Do you want a big government or a smaller one? Do you want a bigger army or a smaller one? Do you want more money spent to help disadvantaged people, or do you want less money spent on those efforts?
We’re the People. We get to decide. And that’s the genius of the Constitution.
I’ve heard it said that the British system presumes it will be run by gentlemen; the American system presumes it will be run by rogues, and puts stops in place accordingly.
One the democracy concept – how much, do you know, were the framers informed by the approximately 600 year old (at the time) Swiss experience?
You write: “This doctrine didn’t disenfranchise God, but it did empower ordinary (property-owning, white, male) citizens.”
You have made a common error in describing the Constitution’s provisions about the franchise. The Constitution was effectively silent about who could vote–you could say that it therefore reinforced the existing societal prejudices on that question, or you could say that it permitted the states to be as liberal as they wanted to be, and failures in broadening the franchise were the states’, not the framers’.
In 1787, the Constitution provided for direct elections of only one class of officials: members of the House of Representatives. Other federal officers (President, Vice President) were chosen by “Electors” appointed by states (and the manner of that appointment was left to the states) or (Senators) by state legislatures.
And the language in the Constitution about the electoral franchise? Article 1, Section 2, first clause, states that the representatives shall be “chosen every second Year by the People of the several States, and the Electors in each State shall have the Qualifications requisite for Electors of the most numerous Branch of the State Legislature.”
So, voters for members of Congress had to have whatever qualifications the states required of voters for the most numerous branch of their state legislatures. Nothing prevented a state from granting the franchise to “free persons of color”–and some northern states did, well before the 15th Amendment.
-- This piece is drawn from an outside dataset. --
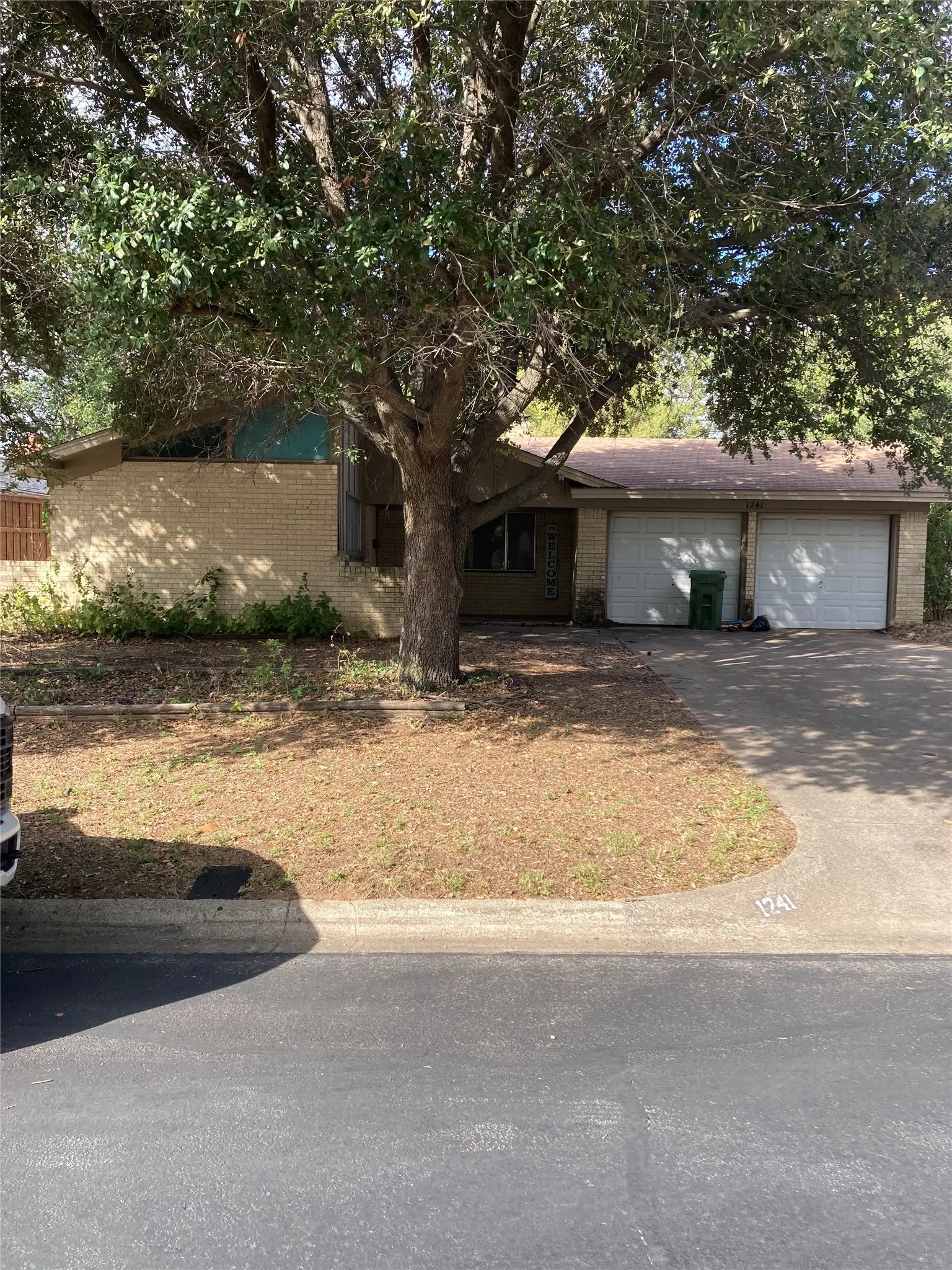 Single Family Residence For Sale in Tarrant County , 1241 Valentine Street, Hurst, Texas 76053, 3 Bedroom, 2 Bathroom, 2 Garage spaces, 1,377 Sqft, built in 1962, mls#21415840, Real Estate Agent in Hurst, Homes For Sale in Tarrant county, Homes For Sale in Hurst, Realtor in Hurst Texas, Real Estate Brokerage Independent Realty Texas, Luminita Cordes Realtor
Nothing prevented a state from granting the franchise to women, and, again, several states did long before the 19th Amendment.
If the franchise in 1787 was narrower than modern sensibilities would permit, don’t blame the Constitution.
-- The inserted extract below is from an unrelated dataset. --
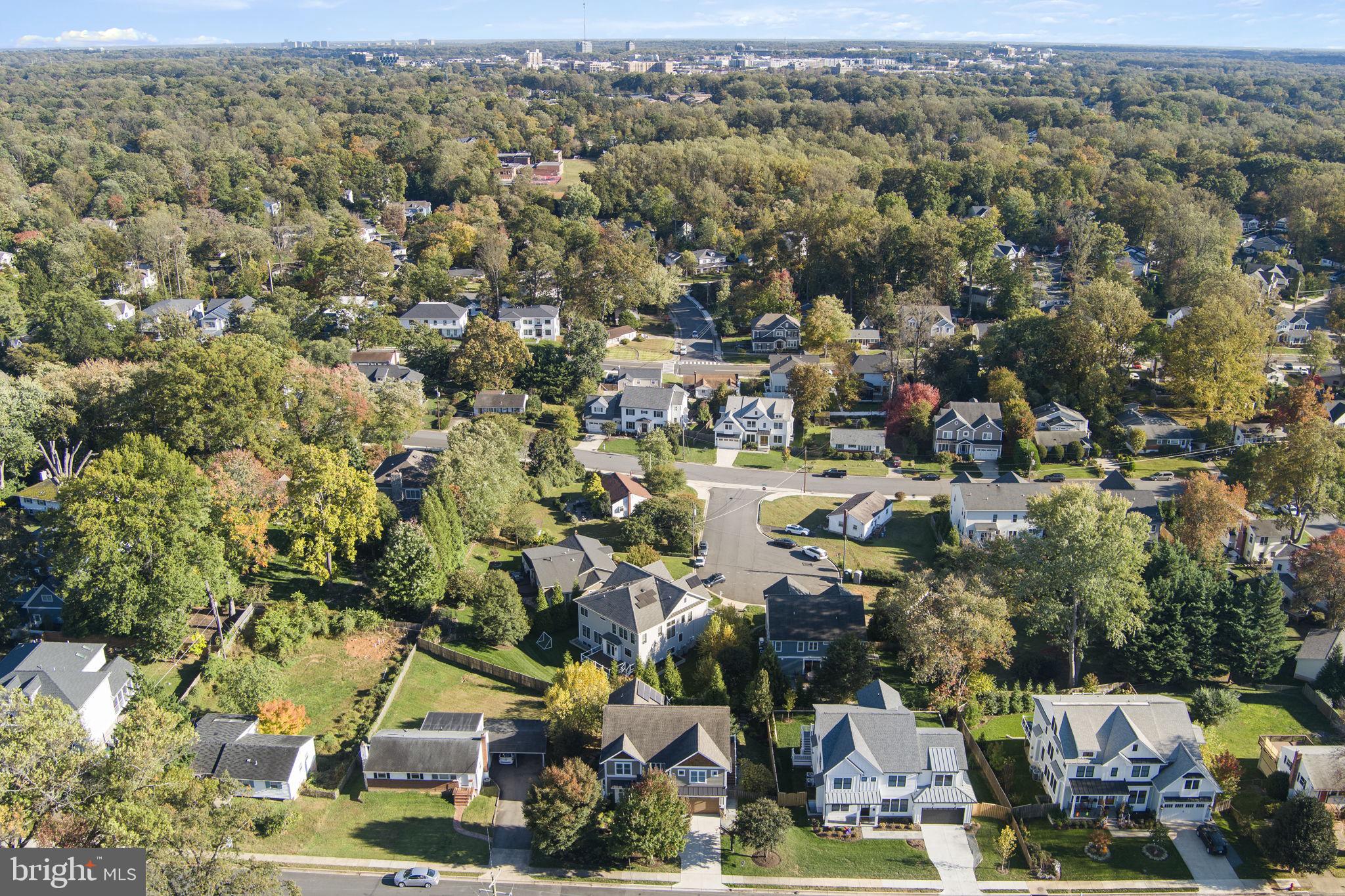 VIENNA WOODS - Residential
Not at all. Read more carefully: I never say that the Constitution restricted the franchise. I was describing the standard Deist belief system of the day. Your discussion of the franchise is accurate enough, if you’ll admit that absolutely nobody in 1787 considered for one second the possibility of women, or non-property-owners ever voting. The Constitution does, however, leave room for that possibility, as you correctly point out.